Dan Cooper, an undersecretary of veterans affairs, says in the video that his weekly prayer sessions are “more important than doing the job.” Maj. Gen. Jack Catton says that his being an adviser to the Joint Chiefs of Staff is a “wonderful opportunity” to evangelize men and women setting defense policy. “My first priority is my faith,” he says. “I think it’s a huge impact…. You have many men and women who are seeking God’s counsel and wisdom as they advise the chairman [of the Joint Chiefs] and the secretary of defense.”
Col. Ralph Benson, a Pentagon chaplain, says in the video: “Christian Embassy is a blessing to the Washington area, a blessing to our capital; it’s a blessing to our country. They are interceding on behalf of people all over the United States, talking to ambassadors, talking to people in the Congress, in the Senate, talking to people in the Pentagon, and being able to share the message of Jesus Christ in a very, very important time in our world is winning a worldwide war on terrorism. What more do we need than Christian people leading us and guiding us, so, they’re needed in this hour.”
The group has burrowed deep inside the Pentagon. It hosts weekly Bible sessions with senior officers, by its own count some 40 generals, and weekly prayer breakfasts each Wednesday from 7 to 7:50 a.m. in the executive dining room as well as numerous outreach events to, in the words of the organization, “share and sharpen one another in their quest to bridge the gap between faith and work.”

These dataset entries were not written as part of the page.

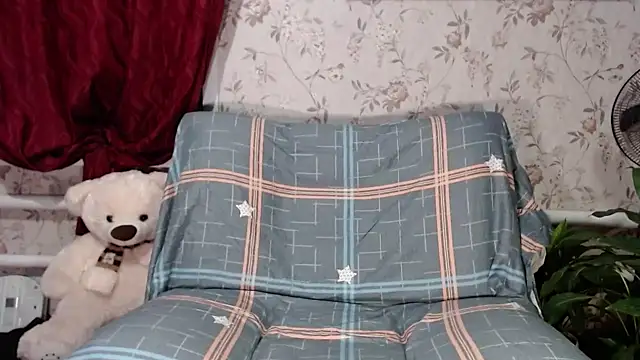 EmilyDoth online show from 12.01.24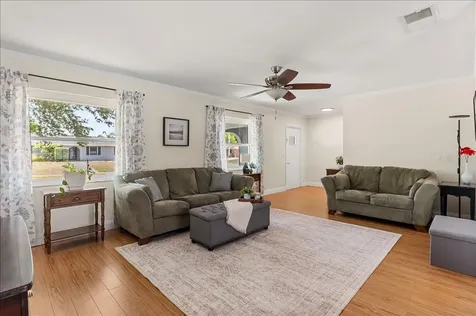3903 24th Avenue W Bradenton FL 34205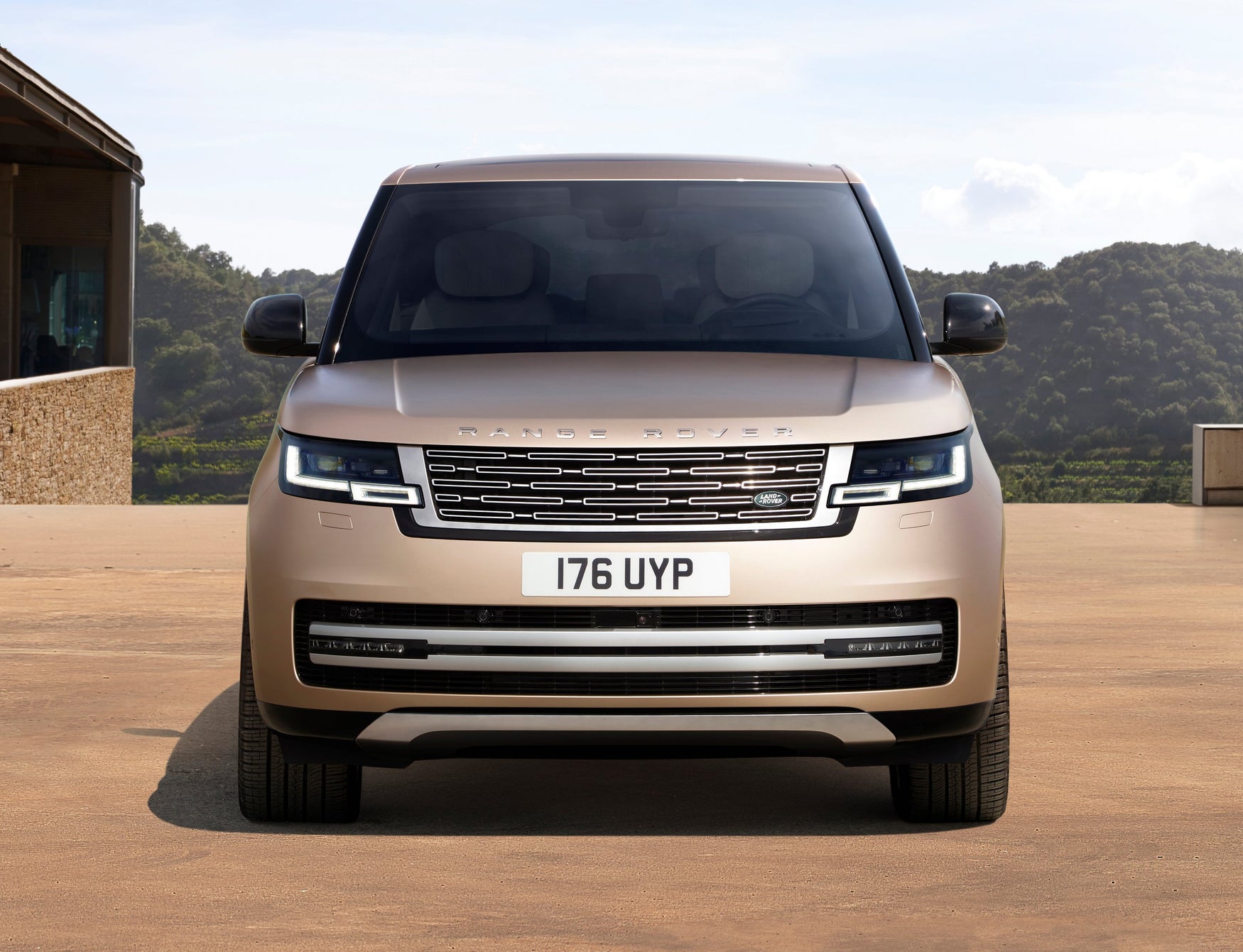 2022 Range Rover front on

If the United States falls into a period of instability caused by another catastrophic terrorist attack, an economic meltdown or a series of environmental disasters, these paramilitary forces, protected and assisted by fellow ideologues in the police and military, could swiftly abolish what is left of our eroding democracy. War, with the huge profits it hands to businesses and right-wing interests that often help bankroll the Christian right, could become a permanent condition. And the thugs with automatic weapons, black uniforms and wraparound sunglasses who appeared on street corners in Baghdad and New Orleans could appear on streets across the U.S. Such a presence could paralyze us with fear, leaving us unable to question or protest the closed system and secrecy of an emergent totalitarian state and unable to voice dissent.
“The Bush administration has already come close to painting our current wars as wars against Islam—many in the Christian right apparently have this belief,” Ratner said. “If these wars, bad enough as imperial wars, are fought as religious wars, we are facing a very dark age that could go on for a hundred years and that will be very bloody.”